Given Mrs Forster’s privileged access to Blenheim archives, there may be more books in the offing about past Palace inhabitants who have not received, in her opinion, correct marks for lives well (or badly) spent.

Her book, Churchill’s Grandmama: Frances, 7th Duchess of Marlborough (The History Press) tackles well the problem of how to take a sensitive look at rich, grand people when peering back at them from the vantage point of the present age.

Too many historians, she maintains, have failed to give proper weight to the good done by Frances and her husband John Winston, the 7th Duke, in the paternalistic age they lived in. For instance, she is mildly hurt (on Frances’s behalf) by historian A. L. Rowse’s description of the Duke as “a complete full-blown Victorian prig” — a comment which, she says, “has unfairly and inaccurately coloured the image of John Winston”.

She said: “The writer makes the mistake of judging some of the Duke’s views on aspects of Victorian belief and behaviour by today’s more accommodating standards.”

So what were those good works which Mrs Forster maintains that the Duchess, mother of Winston Churchill’s father Lord Randolph Churchill, performed?

Mrs Forster said. “As the wife of the Viceroy of Ireland, she mobilised her influence fast, with the help of the editor of The Times, when in 1879 it looked as though the potato crop would again fail and bring starvation, as it had in the 1840s and 50s.”

She added: “She saw the danger instantly and, in contrast to the inefficiency with which the earlier situation had been met, she took immediate and effective action. She established her Famine Relief Fund.

“This potential catastrophe provided the very occasion that allowed Frances to reveal her worth on an international level.”
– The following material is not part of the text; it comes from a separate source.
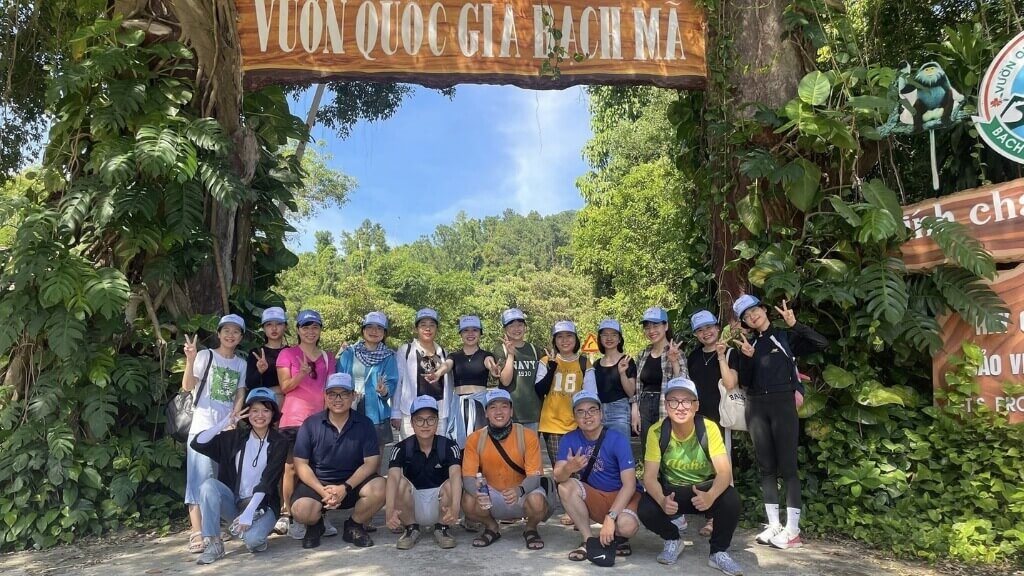 Đoàn khách tham quan tour Bạch Mã Huế 1 ngày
Nearer to home, the Duchess in 1858 laid the foundation stone for Bladon Primary School, still called the Duchess of Marlborough School, just a few yards away from the grave of her grandson Sir Winston Churchill. However, the rules of the school reflected, in Mrs Forster’s opinion, the ideas of the Duke rather than the Duchess when they stated in high Victorian tones that: “The school should not be altogether free, because people always value most that for which they had to pay something.”

Mrs Forster said: “Her instinct would have been to react to need.”
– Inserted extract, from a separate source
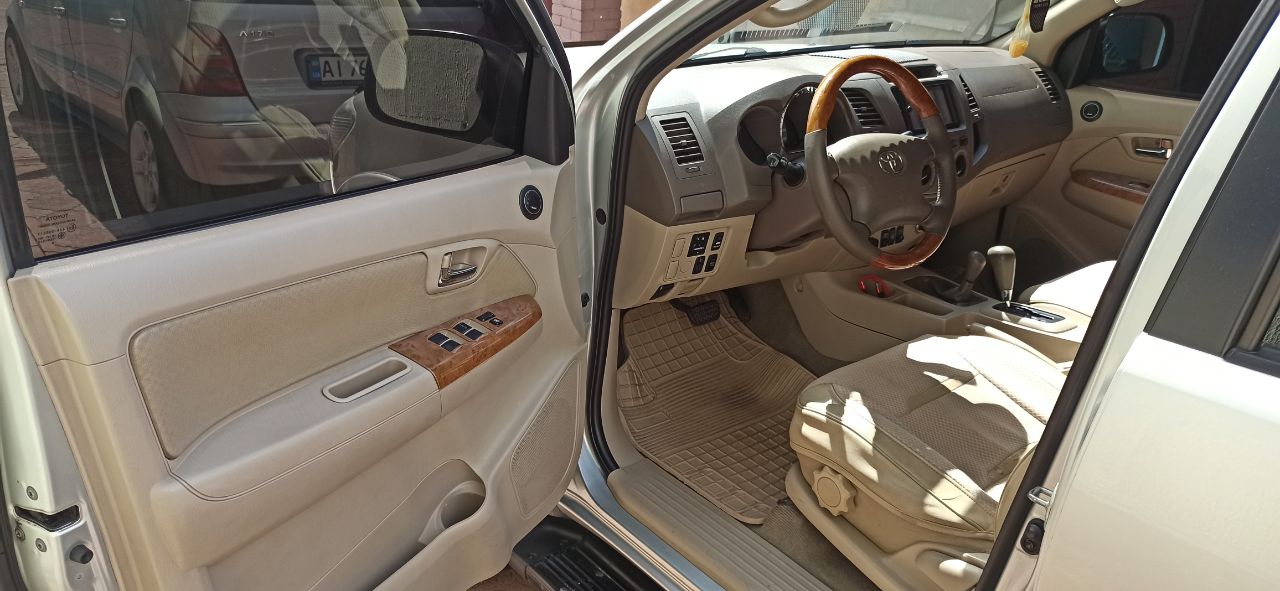 Toyota Fortuner - фото 11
She believes it has been too much forgotten to what extent Sir Winston was brought up by his grandparents. Winston’s father Lord Randolph and his American wife, Jennie Jerome, took little notice of their son — being always in a social whirl — and Mrs Forster believes Frances provided the love and support not forthcoming from Winston’s parents. They would not visit him at his horrible prep school and he even had to remind them to fetch him for Christmas.

The present Duke, in the foreword to the book writes: “I welcome this publication with its vivid and stimulating insights into a hitherto overlooked member of my family.”

Certainly, the book will provoke discussion about how Frances was remembered by the Churchill family. The 9th Duchess, Consuelo Vanderbilt, wrote one or two things in her book The Glitter and the Gold, which were less than kind. For instance, she wrote that Frances received her, aged 19, like “a deposed sovereign greeting her successor” and told her her first duty was to produce an heir in order to stop Winston, “that little upstart”, from becoming Duke. This seems inexplicable, since Frances had always been kind to Winston. Mrs Forster said: “Consuelo’s memory for events that occurred more than 50 years before may not have been perfect.”

The author has lived in Oxfordshire for more than 20 years, having moved when her husband came to work at Blenheim. “I had little difficulty in getting a job at the Blessed George Napier School in Banbury, which I loved; it is such a happy school. Now, since retiring I love writing about Blenheim people. It draws you out — and there are half a dozen more I would like to tackle.”

She will talk at the Woodstock Literary Festival on September 17.